START Supplied records
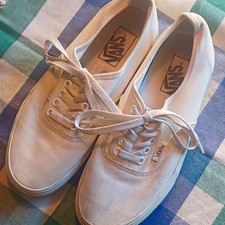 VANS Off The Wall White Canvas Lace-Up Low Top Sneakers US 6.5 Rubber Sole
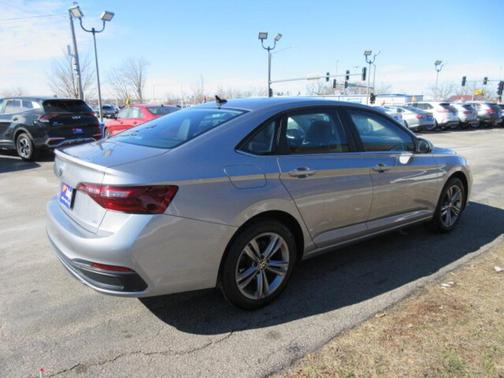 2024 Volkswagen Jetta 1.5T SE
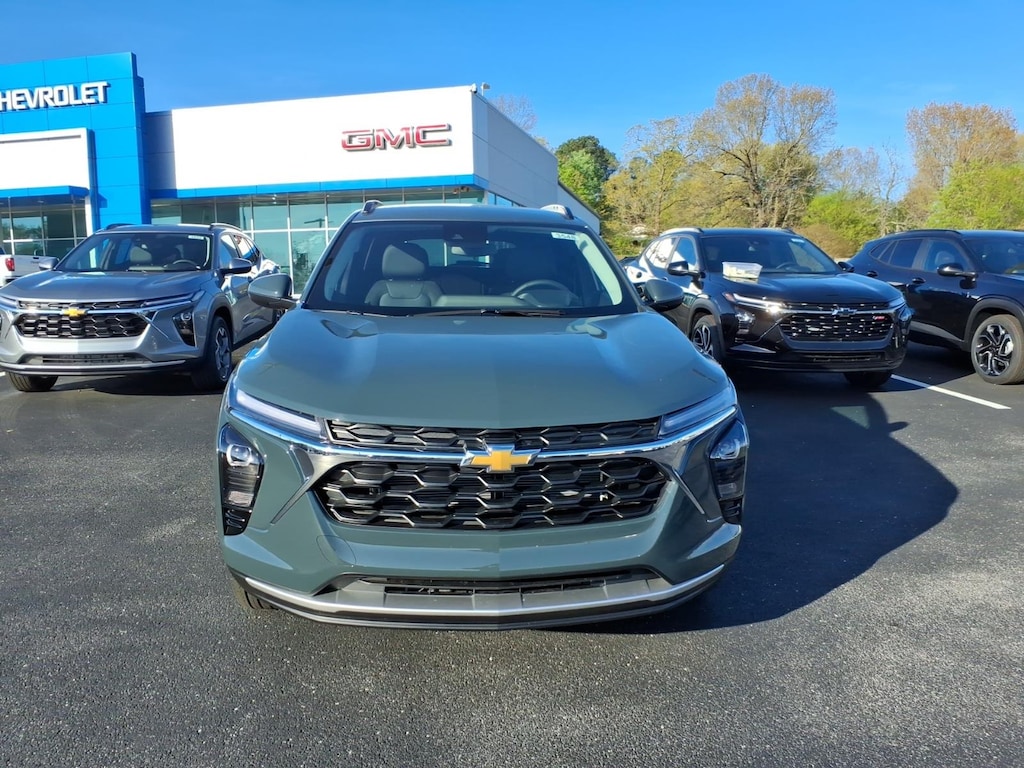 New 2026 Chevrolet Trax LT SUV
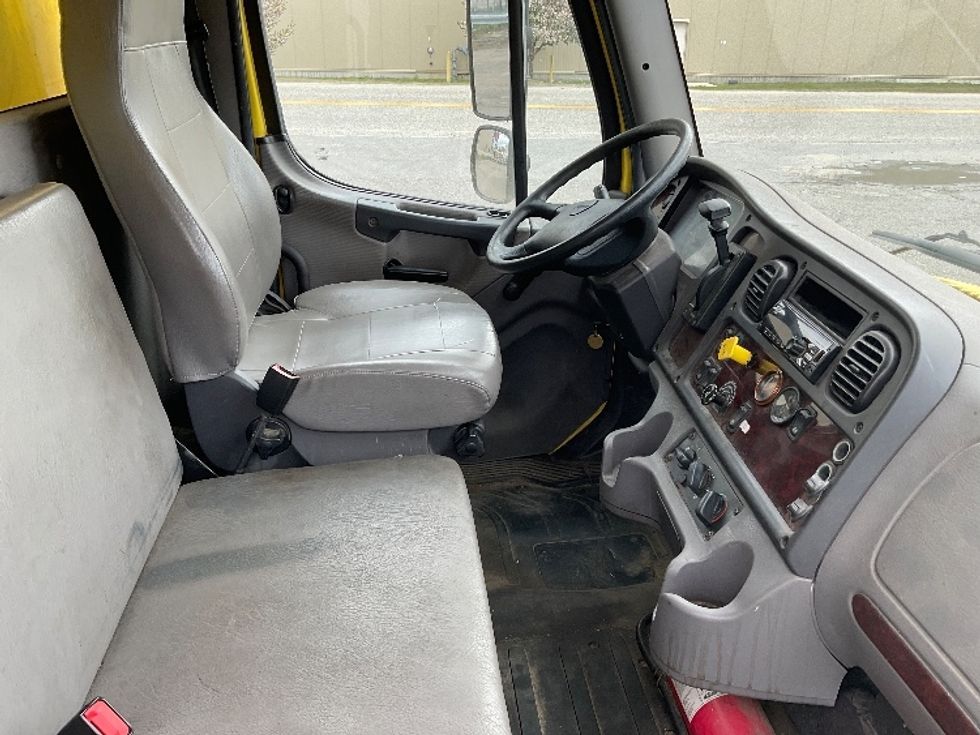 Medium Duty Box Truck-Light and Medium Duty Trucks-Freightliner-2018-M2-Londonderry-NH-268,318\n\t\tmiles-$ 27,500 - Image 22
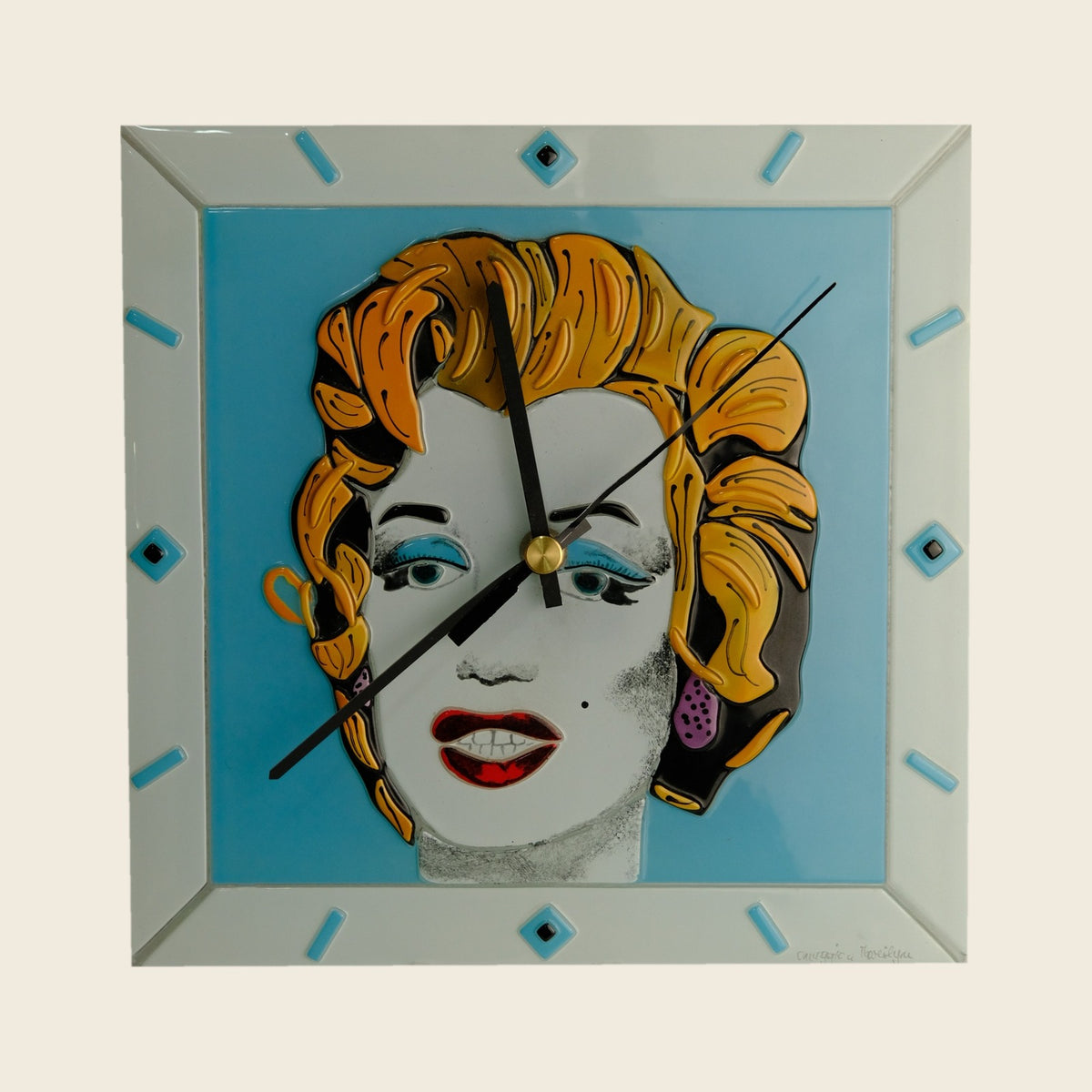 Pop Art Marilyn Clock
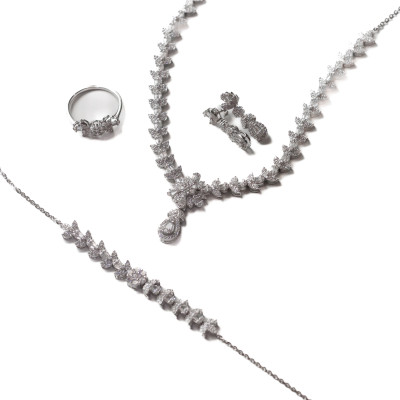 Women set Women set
END Supplied records
> _Your assignment_:
You need to restate all of the entries above exactly and leave the pictures behind.

> _Reply to the task_:
 VANS Off The Wall White Canvas Lace-Up Low Top Sneakers US 6.5 Rubber Sole
 2024 Volkswagen Jetta 1.5T SE
 New 2026 Chevrolet Trax LT SUV
 Medium Duty Box Truck-Light and Medium Duty Trucks-Freightliner-2018-M2-Londonderry-NH-268,318\n\t\tmiles-$ 27,500 - Image 22
 Pop Art Marilyn Clock
 Women set Women set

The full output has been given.